When there is a period of time fixed for the performance in the public notice, the promisor is presumed to waive his withdrawing right.
Article 165-1
If a public notice promises to reward the person who has performed a particular act, notified within a certain period of time and has been evaluated as the best, it is a rewarding public notice for the best. The promisor is bound to deliver the reward in the completion of the evaluation.
Article 165-2
The evaluation in the preceding article shall be proceeded by the person appointed in the public notice. If there is no any appointment in the public notice, it shall be proceed with the manner decided by the promisor.

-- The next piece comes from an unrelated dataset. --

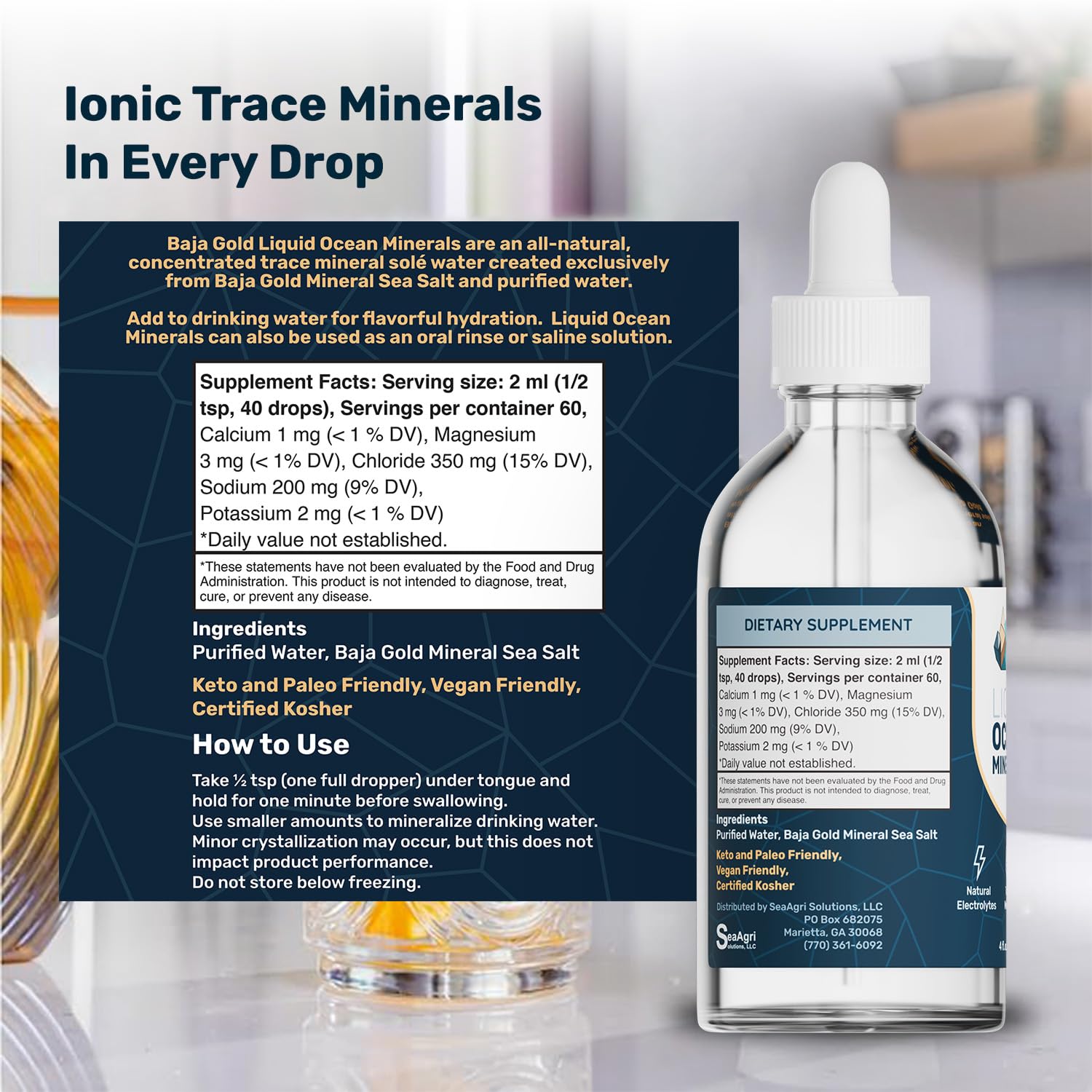 Baja Gold etiqueta con lista de minerales y sin aditivos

The evaluation according to the provision of the preceding paragraph shall be binding on the promisor and the promisee.
Article 165-3
If there are several persons evaluated as the best, unless otherwise notified in the public notice, these persons acquire the claim for reward jointly.
Article 165-4
The provision of Article 164-1 shall apply mutatis mutandis to the rewarding public notice for the best.
Article 166
If it is agreed between the parties that a contract shall be made in a certain definite form, the contract is presumed to be not constituted before the completion of such form.
Article 166-1
If a contract is made for the obligations of the transferring, creation, or altering of rights over the real property, it shall be made in the notarization made by the notary public.
A contract not notarized according to the provision of the preceding paragraph could still be valid if the parties have agreed on the transferring, creation, or altering of rights over the real property and have completed the recordation.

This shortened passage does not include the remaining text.